> _Instructions for the task_: Word for word, print each record, dropping any image it holds.

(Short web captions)
- - -

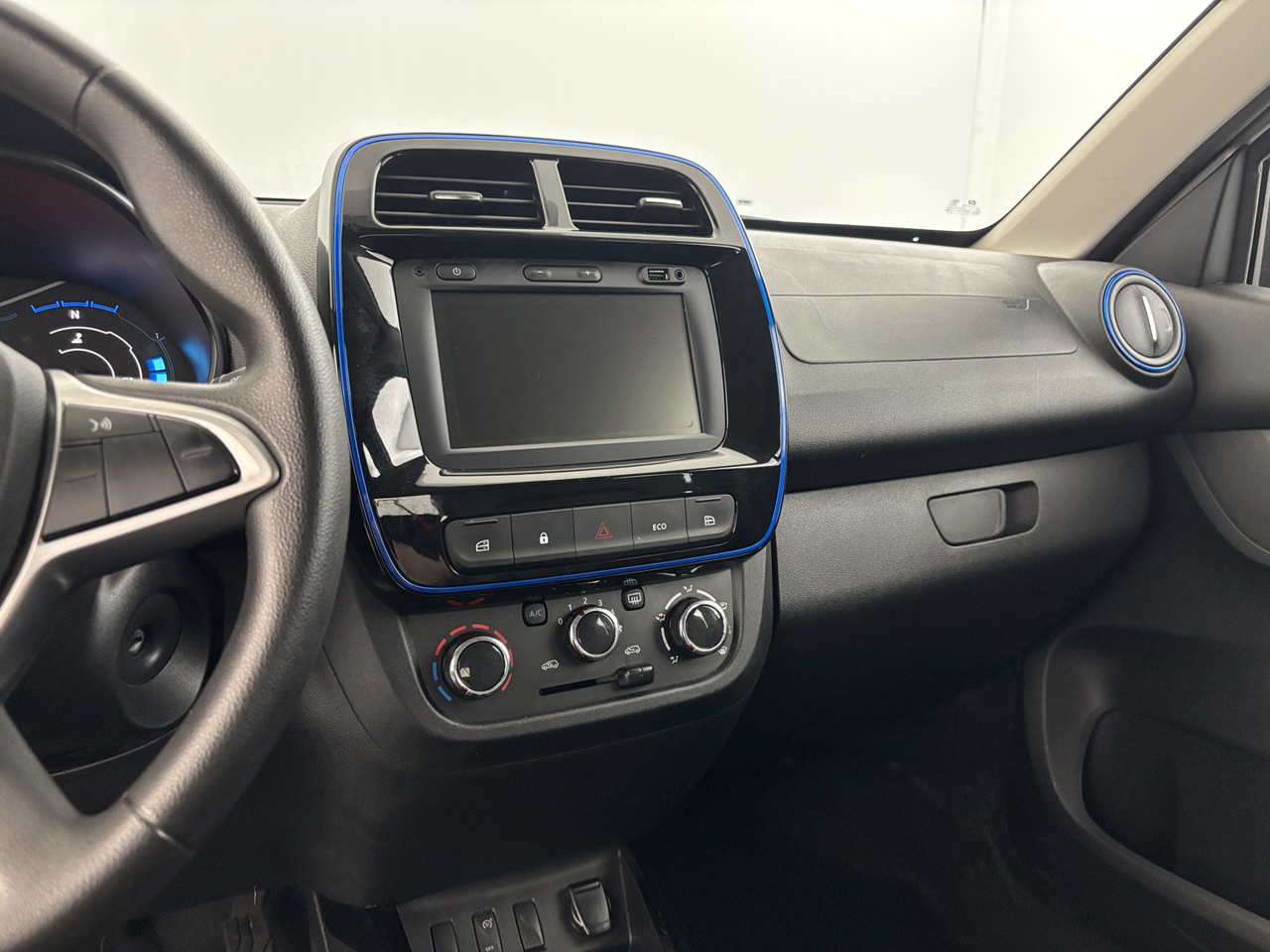 Dacia Spring — photo 12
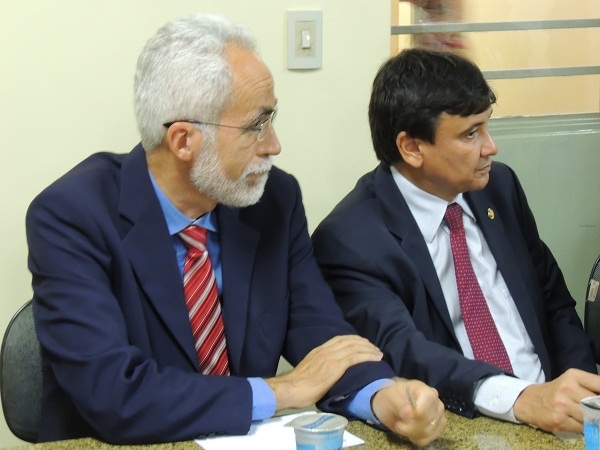                Monsenhor Gil concede titulo de cidadania a senador da república - Imagem 9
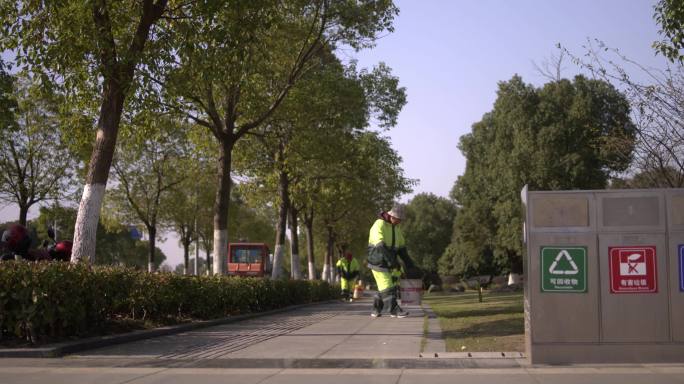 垃圾分类-环卫工人在公园小路上捡拾垃圾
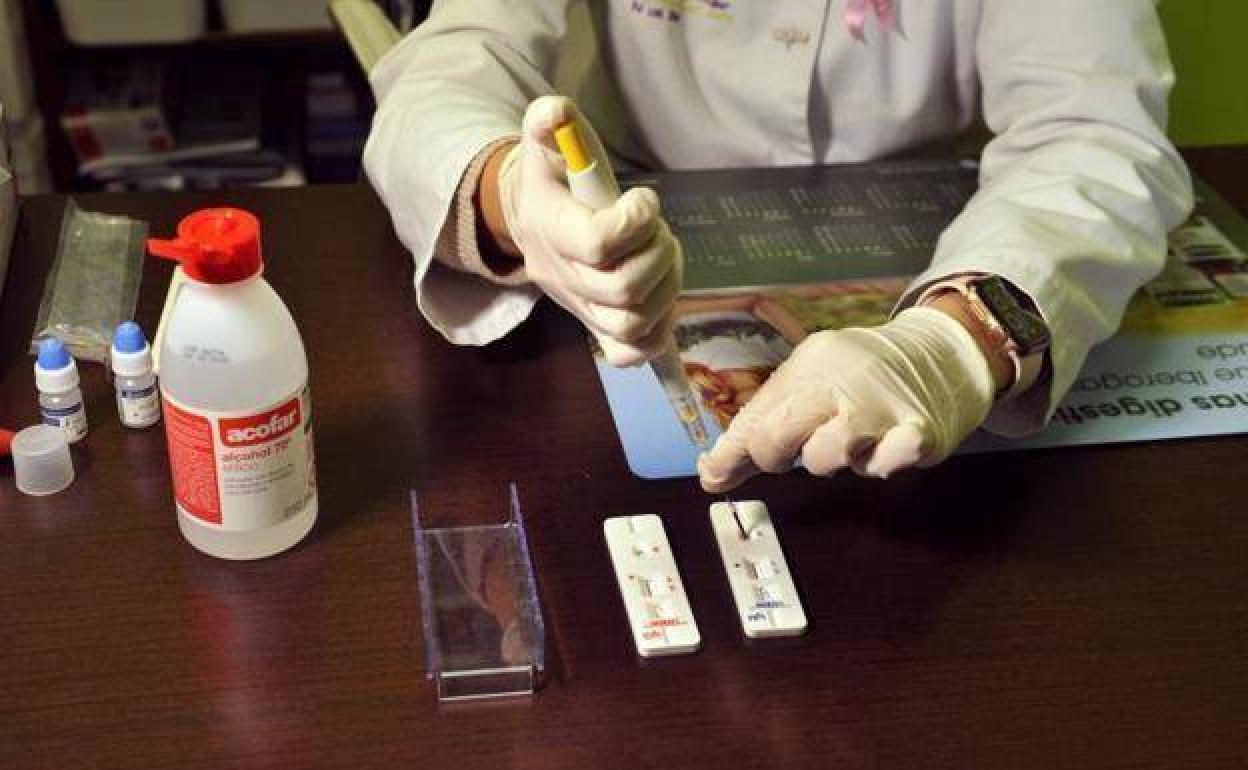 Salud Pública notifica 10 nuevos casos positivos por Covid-19 en Jerez y 1 en Brovales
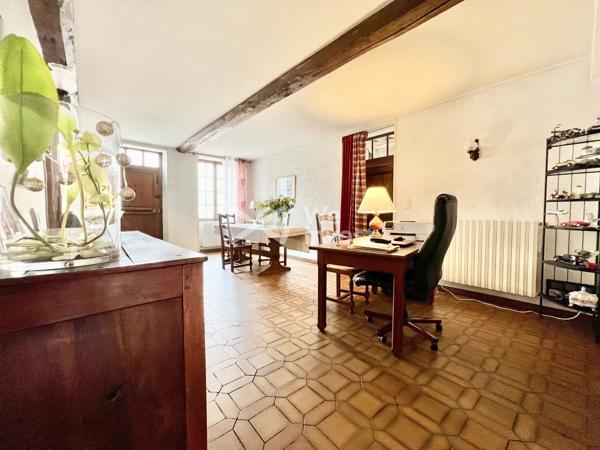Demeure avec cachet, garage double, annexes, jardin paysager de 1459 m².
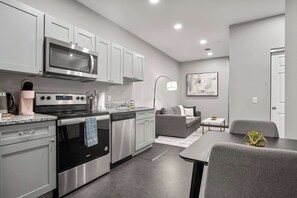 Frigorífic, microones, forn i placa de cuina 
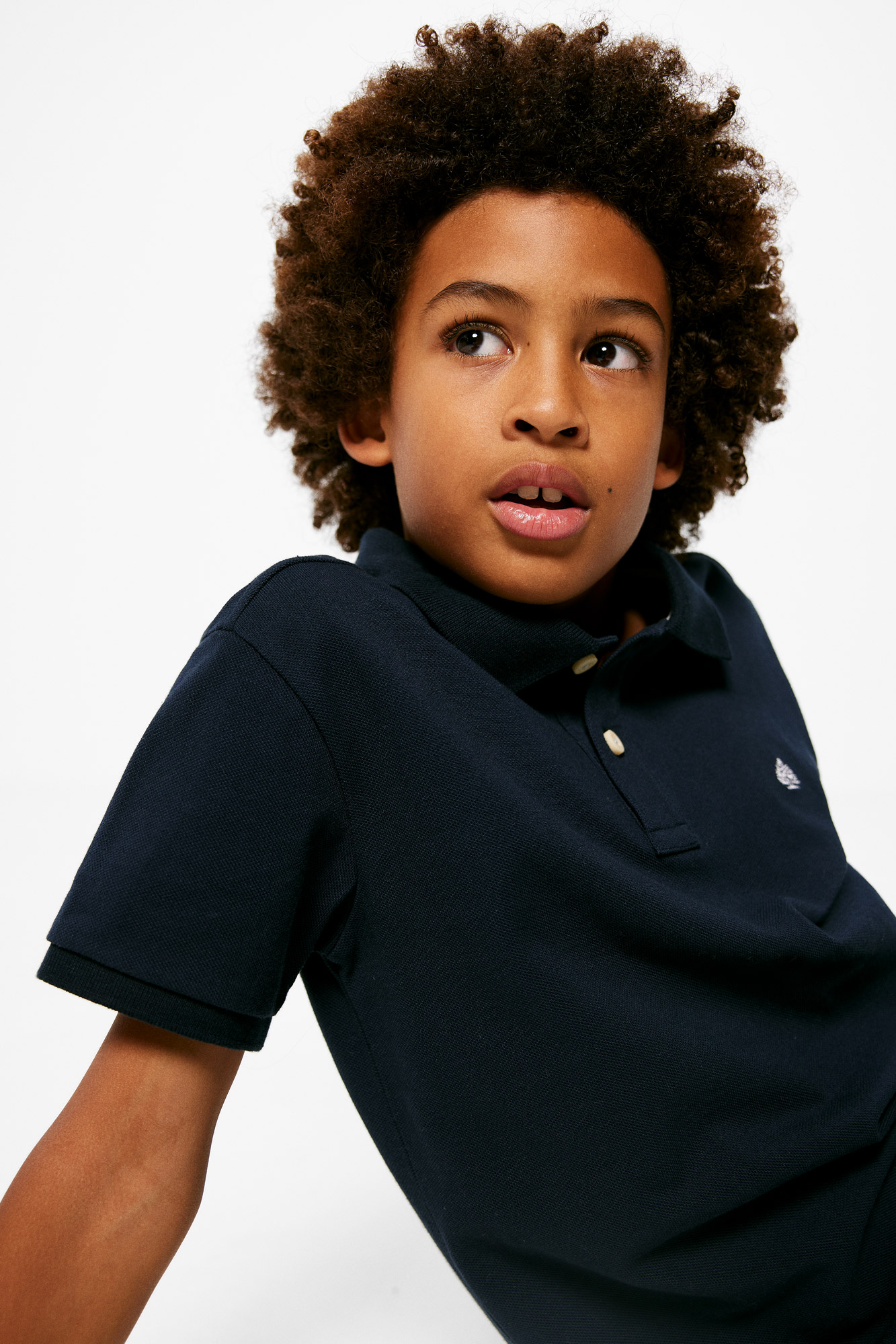 Camisa polo básica com logotipo para meninos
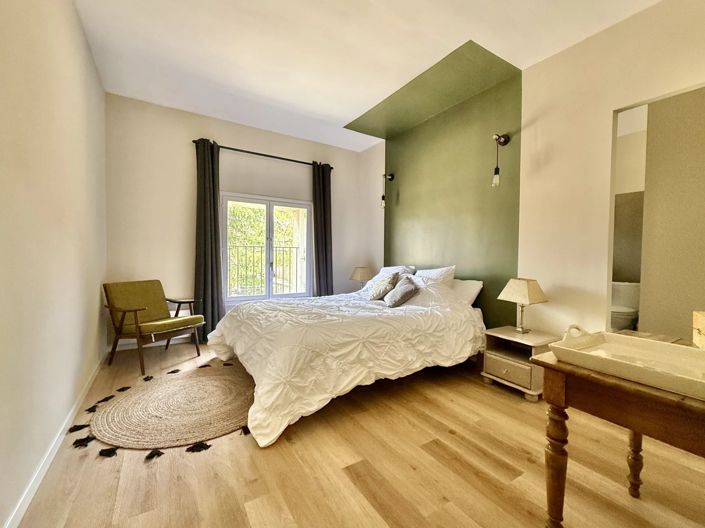 Image No.4-5 Bed House for sale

- - -

> _Exercise response_:
 Dacia Spring — photo 12
                Monsenhor Gil concede titulo de cidadania a senador da república - Imagem 9
 垃圾分类-环卫工人在公园小路上捡拾垃圾
 Salud Pública notifica 10 nuevos casos positivos por Covid-19 en Jerez y 1 en Brovales
Demeure avec cachet, garage double, annexes, jardin paysager de 1459 m².
 Frigorífic, microones, forn i placa de cuina 
 Camisa polo básica com logotipo para meninos
 Image No.4-5 Bed House for sale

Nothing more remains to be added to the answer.